Même si cette étude a régulièrement fait l’objet de controverses, l’effet Pygmalion n’en demeure pas moins une étude incontournable des prophéties auto-réalisatrices. Les chercheurs critiquent principalement le lien mis en avant entre attentes professorales et augmentation du QI. Par contre, le reste de l’étude fait consensus.

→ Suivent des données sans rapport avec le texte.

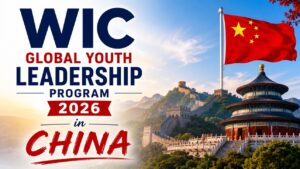 Read more about the article WIC Global Youth Leadership Program 2026 in China (Fully Funded)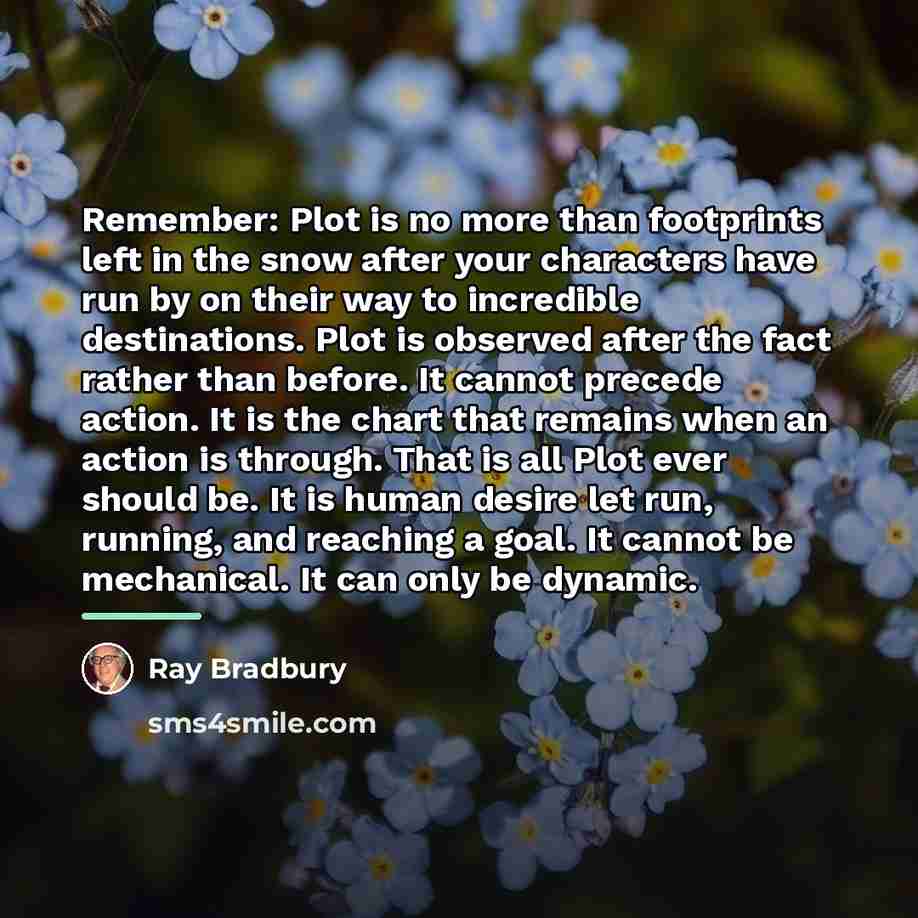 “Remember: Plot is no more than footprints left in the…” quote by Ray Bradbury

Les quatre facteurs de Rosenthal

Rosenthal propose sa « théorie des quatre facteurs », un modèle identifiant quatre grandes catégories de comportements par l’intermédiaire desquels les enseignants traitent différemment les élèves pour lesquels ils expriment des attentes élevées ; ce traitement différencié leur étant bien sûr plus favorable :

  • Le contenu pédagogique et le mode de présentation des tâches d’apprentissage (input)
  • Les sollicitations et opportunités d’expression octroyées aux élèves (output)
  • Le climat socio-émotionnel des interactions verbales et non verbales avec les élèves (climate)
  • Les réactions des enseignants aux prestations des élèves (feedback)

Figure 1 : Trouilloud et Sarrazin, p. 94, Revue Française de Pédagogie, n° 145, octobre-novembre-décembre 2003.

Figure 2 : Cap sur l’école inclusive en Europe – Erasmus+, Fiche Ressource Empathie et effet « Pygmalion » : l’influence positive d’un regard positif sur l’Autre, Tronc du module : D.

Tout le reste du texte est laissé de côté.